‘Once Upon A Time In Hollywood’ (REVIEW)
Directed by: Quentin Tarantino
Written by: Quentin Tarantino
Starring: Leonardo DiCaprio, Brad Pitt, Margot Robbie, Maya Hawke, Dakota Fanning, Austin Butler, Timothy Olyphant, Kurt Russell, Al Pacino
“. . . yet there is no avoiding time, the sea of time, the sea of memory and forgetfulness, the years of promise, gone and unrecoverable, of the land almost allowed to claim its better destiny, only to the claim jumped by evildoers known all too well, and taken instead and held hostage to the future we must live in now forever.” -Thomas Pynchon, Inherent Vice
There is an air of melancholy that lingers throughout Once Upon a Time in Hollywood. With Rick Dalton (Leonardo DiCaprio) and Cliff Booth (Brad Pitt), we see men of a bygone era that the new Hollywood is leaving behind. Once a bonafide star on the 1950s show Bounty Law, Rick is now slumming it by playing the villain of the week in one Z-grade TV show after another. “Face it, old buddy,” Rick says to Cliff in an early scene. “I’m a has-been.” When he embraces a sobbing Rick, the look on Cliff’s face lets us know that there’s even less work for a has-been’s number two. Even at home, Rick and Cliff can’t escape the specter of new Hollywood.

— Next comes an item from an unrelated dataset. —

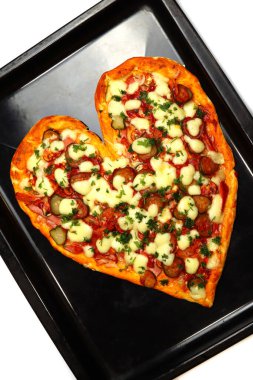 Kalp şeklinde pizza, sevgililer günü için bir tepside.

Living next door are the hottest new director in town, Roman Polanski (Rafał Zawierucha), and his wife, Sharon Tate (Margot Robbie). With little dialogue, Robbie nevertheless embodies the presence of Sharon like no one else could. More than just a vision of beauty, Sharon Tate in this film represents a vision of optimism. A vision of the wondrous possibilities of the future. But her presence is countered by the emerging Manson Cult. While all are affable and charming in appearance, we know what sinister possibilities linger beneath their easygoing personalities.
It’s difficult to look at Once Upon a Time in Hollywood and not see it as a reflection of Quentin Tarantino grappling with the new face of filmmaking. As Rick and Cliff are reckoning with an industry and public that have left them behind, so too is Tarantino. Film, long Tarantino’s preferred medium, is becoming used less and less frequently. The theater I viewed this screening at only recently had film projectors recently reinstalled, and the 35mm screening required no less than three reel changes.
Otherwise, the (largely digital) theatrical experience is all but controlled by Disney these days, with most filmmakers turning to cable or streaming for creative outlets. When even Martin Scorsese must turn to Netflix for his latest film, The Irishman, there is very little room for filmmaking beyond the horror or blockbuster genres.
This isn’t meant to make Once Upon a Time in Hollywood sound like a depressing or dark film. On the contrary: this is the closest Tarantino has made to an outright comedy. Whether it’s Rick repeatedly forgetting his lines the night after a drunken bender, Cliff’s showdown with Bruce Lee, or the bombastic finale, this is a Quentin Tarantino film through-and-through. And that means a marriage of blood and violence, with all the odd catharsis it can bring.
When the film ended, the lights came up, and I made my way home, I thought most strongly about something that was present throughout the film. Something that I hadn’t seen in a mainstream Hollywood film in years: film grain. It was a rush of nostalgia to see grainy film again. It was a great reminder of the theatrical experience I hadn’t seen in a good long time. As progress marches forever forward, the flaws of the past are corrected and smoothed over. But in doing so, we remove a part of what makes an experience an experience. After Once Upon a Time in Hollywood ended, I wondered how long it would be before I would see another movie with film grain again.